Quando olhamos para a história da Igreja, vemos que muitos clérigos e leigos fingiram querer seguir Jesus quando, na verdade, seu desejo estava em outro lugar. Vem-nos à mente que eles não eram fiéis ao que originalmente era praticado por Jesus e seus discípulos. E essa “decepção” nos faz sonhar, algumas vezes, com uma Igreja que retorne a uma suposta pureza de origens. Mas deixamos de considerar que Jesus, desde o início, quis aceitar o inimigo entre os seus mais íntimos.

O combate contra o diabo e o amor aos inimigos.

Mas, por que Jesus escolheu Judas, se ele conhecia sua perversão? Infelizmente, o Evangelho não nos responde. Talvez simplesmente porque Jesus era realista: ele sabia que a perversão existe nesta terra e a Igreja de Jesus Cristo também está nesta terra. Ela não é exceção. Entretanto, a Igreja poderia se perder se ficar contente apenas em constatar sem combater contra o diabo que está em seu meio. Jesus chamou Judas da mesma forma que chamou os outros onze.

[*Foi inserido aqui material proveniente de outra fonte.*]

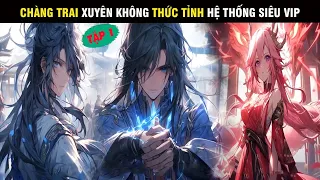 Review Truyện: Chàng Trai Xuyên Không Thức Tỉnh Hệ Thống Siêu Vip Tập 1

Mas ele também combateu a perversidade e a perversão com as mesmas armas que ofereceu aos seus discípulos: “Amai os vossos inimigos e rezai por aqueles que vos perseguem!” (Mt 5,44), “Amai os vossos inimigos e fazei o bem aos que vos odeiam” (Lc 6,27).

Ora, é muito mais fácil amar o inimigo quando ele está fora de nosso círculo de entes queridos do que se ele fizer parte dele. Mas é para esse amor ao inimigo interior que Jesus nos chama. Para Jesus, Judas continua sendo um dos seus amigos, pois lhe ofereceu o pão e o vinho da Eucaristia – o Sacramento do amor! –, mesmo sabendo que já não se podia mais encontrar nele nada de amável. Disto podemos constatar que amar o inimigo é (1) não pactuar com ele, ou seja, lutar incessantemente para que, na Igreja, o Espírito de Jesus domine, (2) mas é também aceitar que, em nosso meio, homens e mulheres, sejam clérigos ou leigos, afirmem viver no Espírito de Deus quando, infelizmente, o que fazem é pervertê-lo radicalmente. E não é preciso ir muito longe ou esperar muito tempo para ter uma chance de viver plenamente essa realidade do Evangelho: que Deus nos proteja, mas podemos encontrar isso em nosso ambiente de trabalho, de estudo, numa comunidade religiosa, entre nossos familiares, e até mesmo dentro de nossas casas… “Esta palavra é dura…” mas é verdadeira. O diabo não está apenas no mundo, fora de uma Igreja e de seus membros que seriam supostamente puros. O inimigo também está dentro. Isso certamente foi uma grande provação para Jesus! Mas agora, ao saber que este escândalo do conhecimento da presença do diabo, e o mandamento de amor aos inimigos, fazem parte da vontade do próprio Deus, vamos embora da Igreja, de nossa comunidade, de nossa família? Bom, Jesus nos deixa livres. Mas, acima de tudo, peçamos hoje a Deus que esta Eucaristia nos ensine e nos dê forças para viver radicalmente o Evangelho, para que estejamos entre aqueles que lhe respondem a Jesus: “A quem iremos, Senhor? Só tu tens palavras de vida eterna!”

Amém!


Após a comunhão

Caros irmãos e irmãs, desde o início da quarentena na Itália, quando a missa no Vaticano era celebrada sem a participação dos fiéis, o Papa Francisco sempre convidava àqueles que não podiam comungar sacramentalmente a fazer a Comunhão espiritual com a seguinte oração:

Meu Jesus, eu creio que estais presente no Santíssimo Sacramento do Altar. Amo-vos sobre todas as coisas, e minha alma suspira por Vós. Mas, como não posso receber-Vos agora no Santíssimo Sacramento, vinde, ao menos espiritualmente, a meu coração. Abraço-me convosco como se já estivésseis comigo: uno-me Convosco inteiramente. Ah! não permitais que torne a separar-me de Vós!